Workouts to Try at Home

By Michele Vanderyacht, Epic Fitness 

So, your gym has temporarily closed due to the new governmental regulations. Rather than stopping your workouts, now is the time to adapt. It’s time for at-home fitness.  

It takes a little effort, but a home workout will not only keep you in shape, but it will also keep you from going stir-crazy. As long as you do cardio and hit the five basic movements, you should be ready to go back to your gym as soon as the doors open.

The five basic movements consist of push, pull, hip-hinge, squat and a core stabilizer. Do two sets of 12 reps and alternate the exercises on different days so you are not just working one area. If you have any questions about how to do these workouts, try a quick YouTube search.

Push movement: Push-up

Push-ups can be done against a wall or on your knees if the traditional type is too hard.

Pull movement: Row

Similar to rowing a boat, a row is an exercise where you extend your arms in front of you (typically holding a weight or band) and then bend your elbows and pull back. If you have a resistance band, tie it around something stable. Make sure to keep your back straight and bring your elbows to your sides as you pull back.

Hip hinge

Stand with your feet hip-width apart, knees slightly bent, and hands on your hips. With your weight in your heels, push your hips back behind you, and hinge forward. Continue bending at the hips until your torso is at about 45 degrees, or halfway between upright and parallel to the floor.
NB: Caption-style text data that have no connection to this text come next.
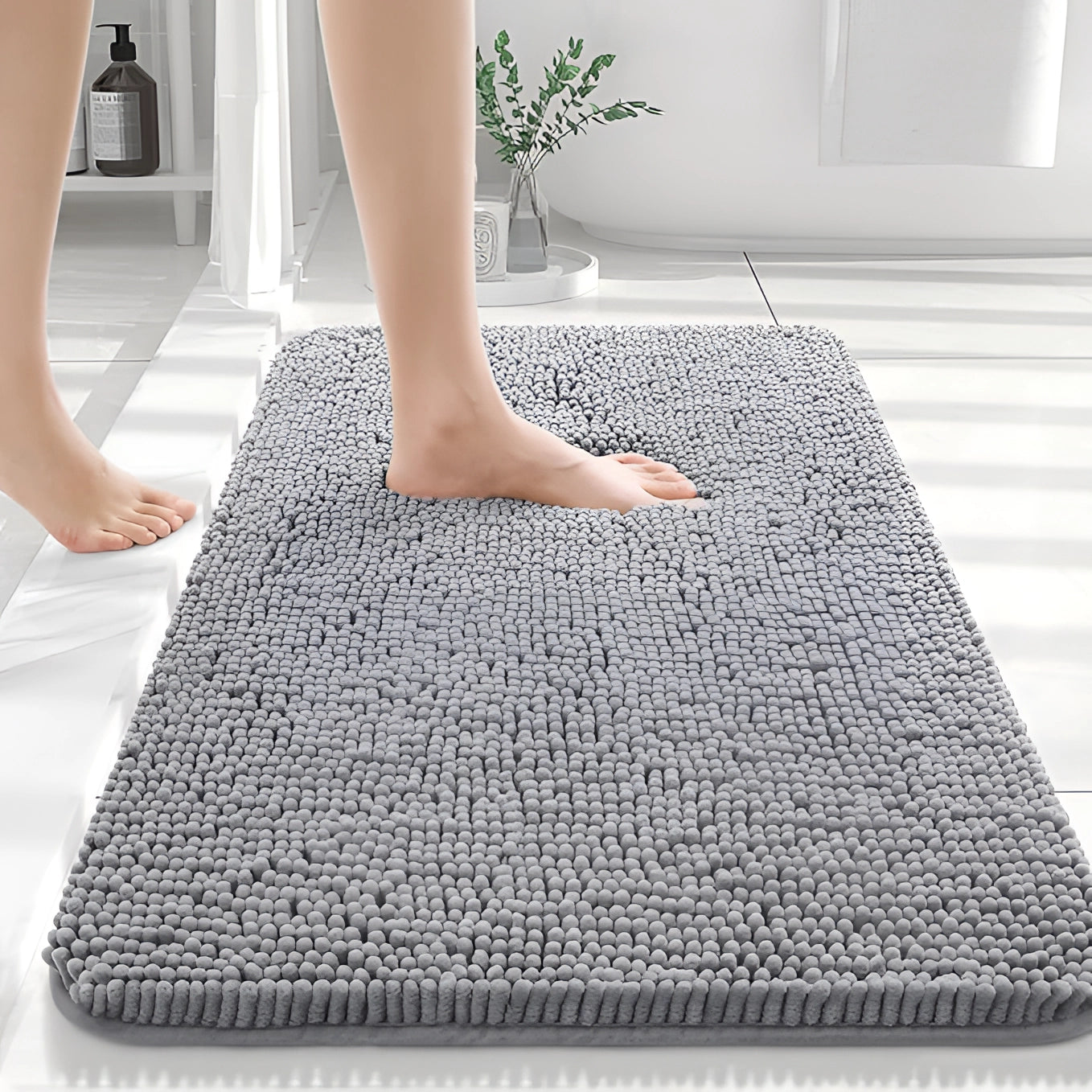 High-Absorbency Quick-Dry Beige Bath Mat - Durable & Soft Rug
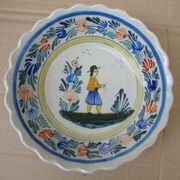 Petit plat haut saladier  ancien  Henriot Quimper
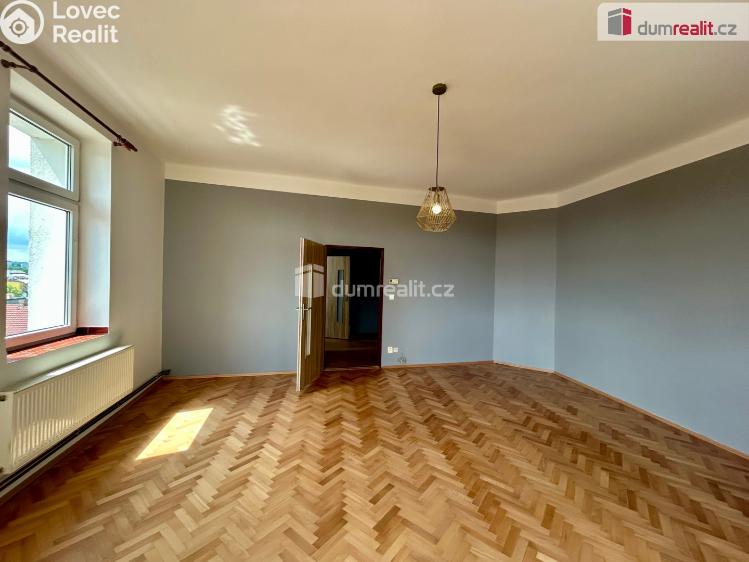 Rent apartment 2+1 Kolín, Ovčárecká č. 3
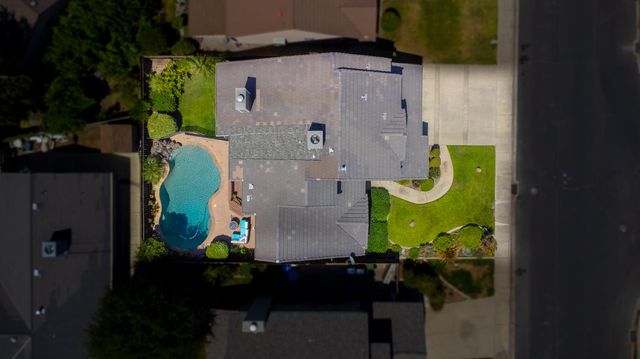 834 Cedar Ridge Dr, Turlock, CA 95382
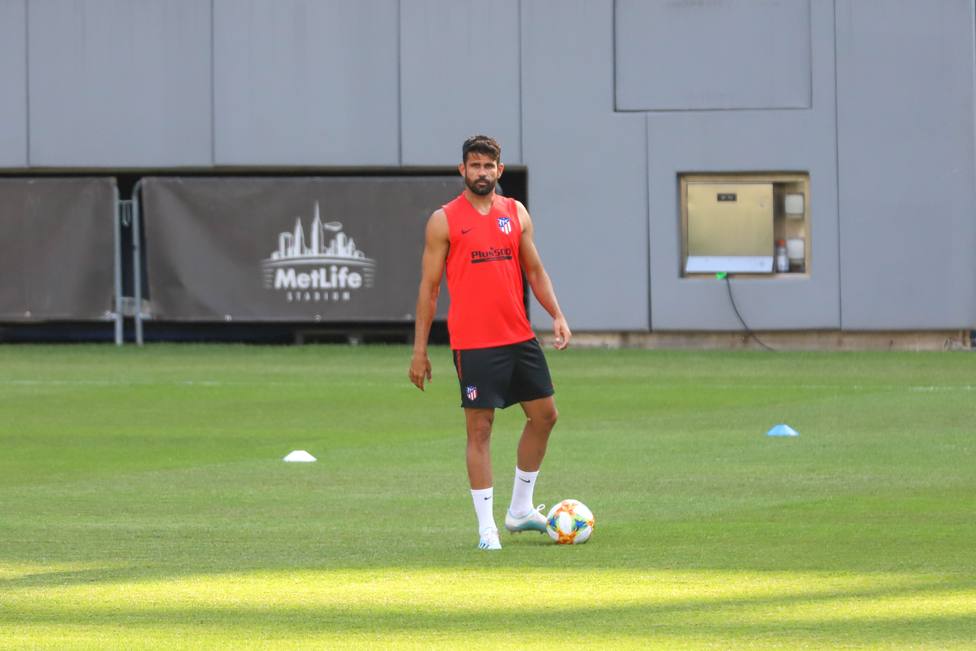 25 July 2019, US, East Rutherford: Atletico Madrids Diego Costa takes part in a training session at MetLife Stadium ahead of Saturdays 2019 International Champions Cup soccer match against Real Madrid. Photo: William Volcov/ZUMA Wire/dpa
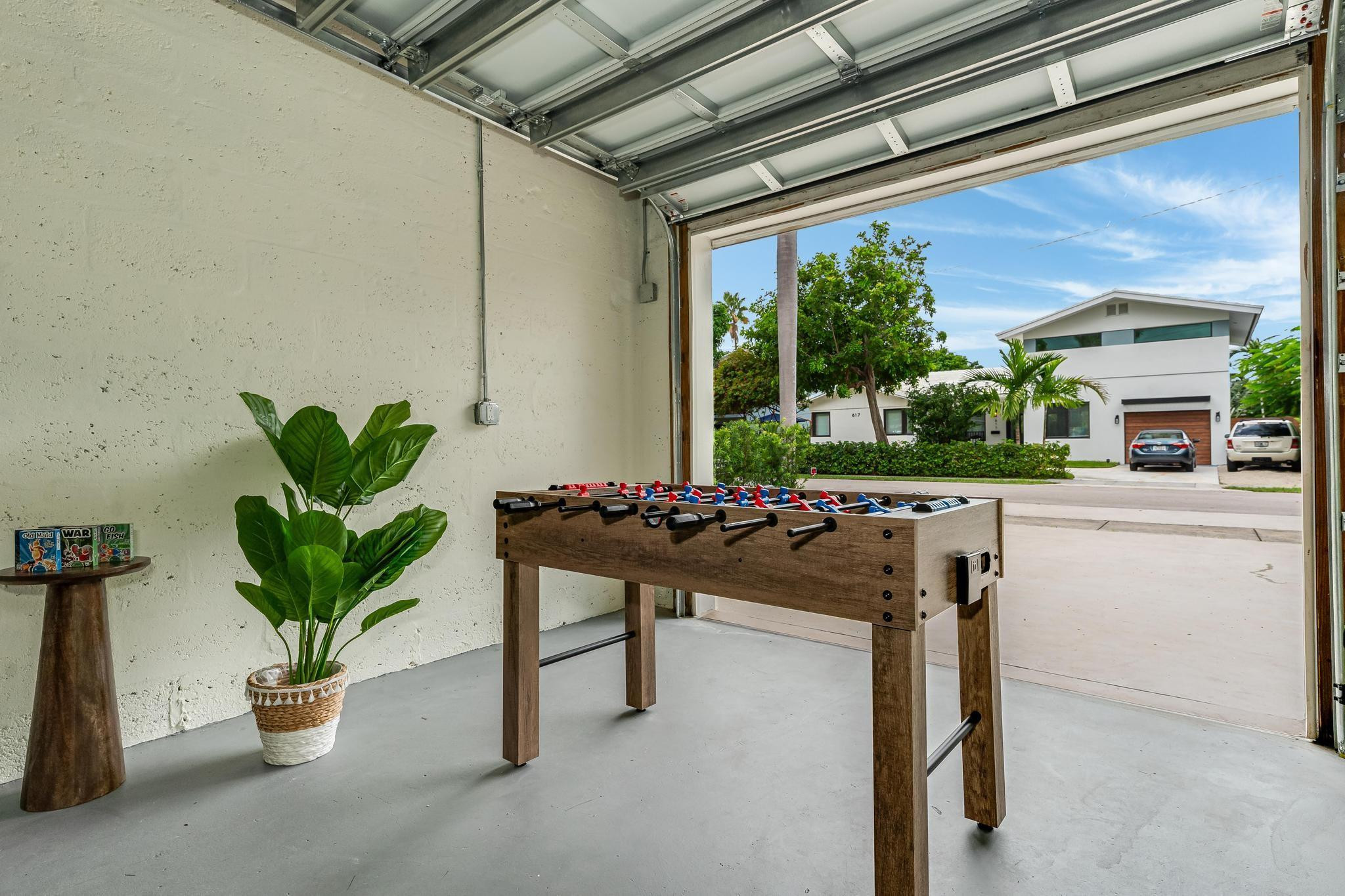 616 NE 16th Fort Lauderdale, FL 33304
The squat can be done with or without weights. Stand with your head facing forward and your chest held up and out. Place your feet shoulder-width apart or slightly wider. Extend your hands straight out in front of you to help keep your balance. You can also bend the elbows or clasp the fingers. Sit back and down like you’re sitting in an imaginary chair. Keep your head facing forward as your upper body bends forward a bit. Rather than allowing your back to round, let your lower back arch slightly as you descend. Lower down so your thighs are as parallel to the floor as possible, with your knees over your ankles. Press your weight back into your heels. Keep your body tight and push through your heels to bring yourself back to the starting position.

Core stabilizer: Plank

One of the best exercises for the core is the plank. Plant your hands directly under your shoulders (slightly wider than shoulder-width) like you’re about to do a push-up. Ground toes into the floor and squeeze glutes to stabilize your body. Your legs should be working, too — be careful not to lock or hyperextend your knees. Neutralize your neck and spine by looking at a spot on the floor about a foot beyond your hands. Your head should be in line with your back. Hold the position for 20 seconds. As you get more comfortable with the move, hold your plank for as long as possible without compromising your form or breath.  

Lastly, make sure you get out for a run or a fast pace walk. The fresh air will do you well not only physically, but mentally. Stay ahead of the curve so that your fitness doesn’t suffer before gym doors open once again!

Michele Vanderyacht is the General Manager of Epic Fitness.